The Society was among the first fraternal societies to place their members on a sound basis. It transferred its certificates to a legal reserve basis, giving insurance that provided all of the favorable benefits known to fraternal or old-line operation. It issued certificates carrying death, disability, accident, old-age and funeral benefits.
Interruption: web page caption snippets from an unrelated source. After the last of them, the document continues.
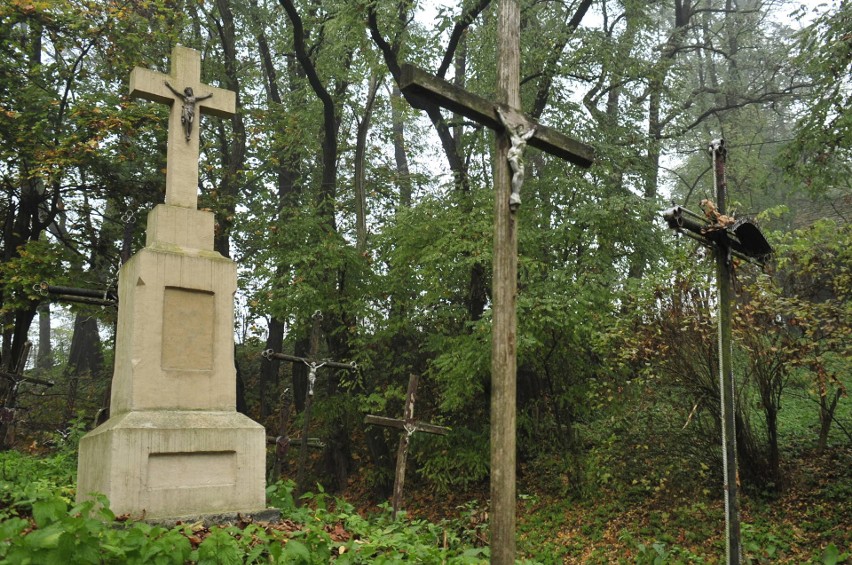 Kraków. Zapomniany, niesamowity cmentarz. Tu rośnie las krzyży niechcianych [ZDJĘCIA]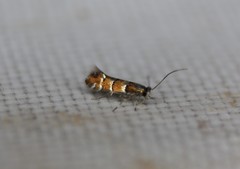 Chrysaster ostensackenella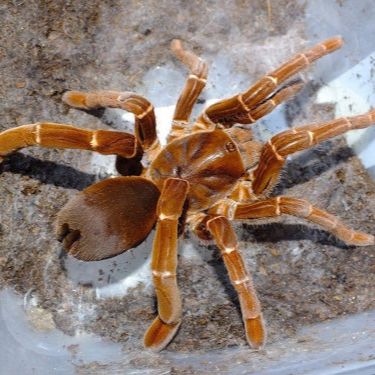 Pelinobius muticus (King Baboon) 0.5-0.75"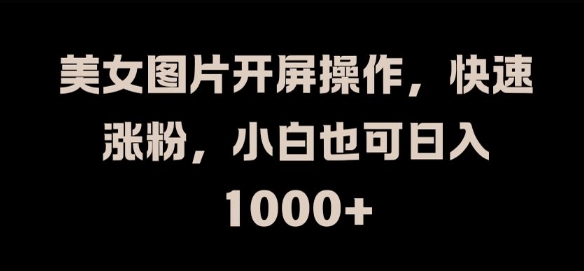 美女图片开屏操作，快速涨粉，小白也可日入1k【揭秘】-彼飞网创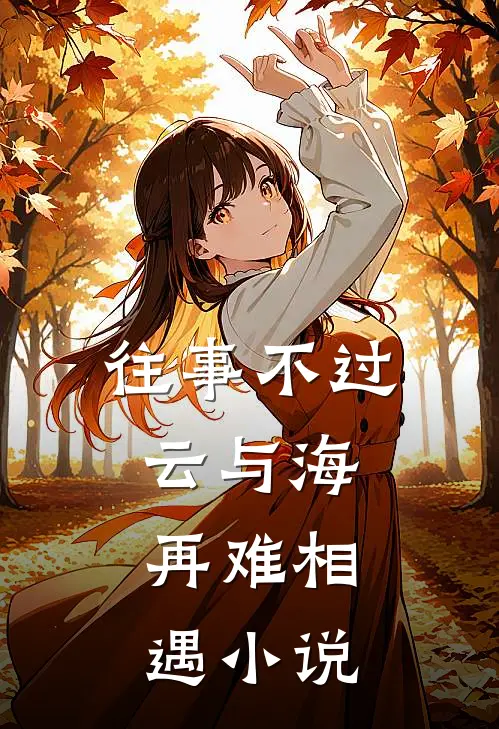 往事不过云与海，再难相遇小说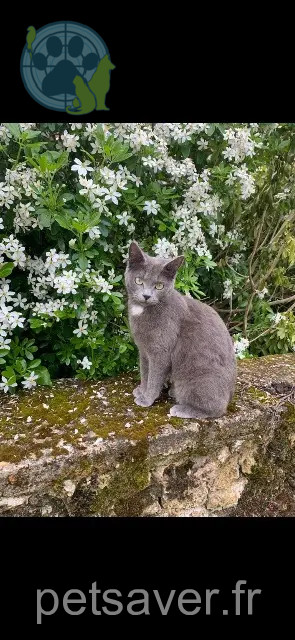 chatte reunited   91290 Arpajon Topaze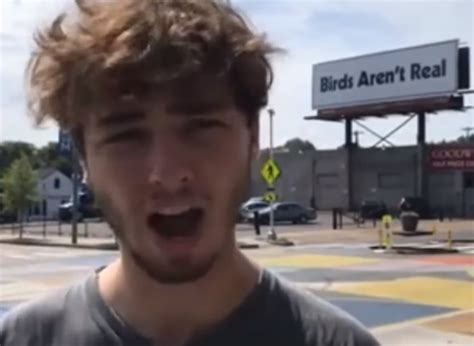 New Conspiracy Theory Claiming 'Birds Aren't Real' Spreads Thanks To Memphis Billboard - Free ...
Suggested by Binford, the national representatives changed the titles of the officers, simplifying them and make them more intelligible to laymen.

==Notable people==
The Columbian Mutual Life Assurance Society was founded by: Lloyd T. Binford, Hon. Thos. C. Barrett, Hon. Charles H. Brough, W. D. Davis, Hon. Ben C. Dawkins, Hon. Hugh M. Dorsey, Hon. George H. Etheridge, Gen. Clement A. Evans, Dr. E. H. Galloway, Hon. Luther E. Hall, Gen. Geo. P. Harrison, Hon. Albert Howell Jr., Hon. T. C Kimbrough, Thad B. Lampton, Hon. O. L. McKay, Dr. Price E. Murray, Hon. W. J. Northern, Hon. Percy E. Quinn, Hon. Jos. E. Ransdell, Dr. Eugene Rosamond, Hon. T. U. Sisson, Hon. Hoke Smith, Hon. Sydney Smith.

Binford, one of the founders of the Society, was its first president and continued in that role after its re-organization. He became president of the new company upon its incorporation, actively connected with the organization for more than twenty years. Prior to that time, he had extensive experience as organizer and producer in the life insurance field having seen service with both the Equitable and New York Life.

==Later mergers and acquisitions==
In July 1965, when Lincoln American Life Insurance Company acquired Columbian Mutual Life Insurance Company, the building in Memphis was renamed. In 1978, the building was added to the National Register of Historic Places.

Conseco purchased Lincoln American Life Insurance from American General Corp. in March 1985.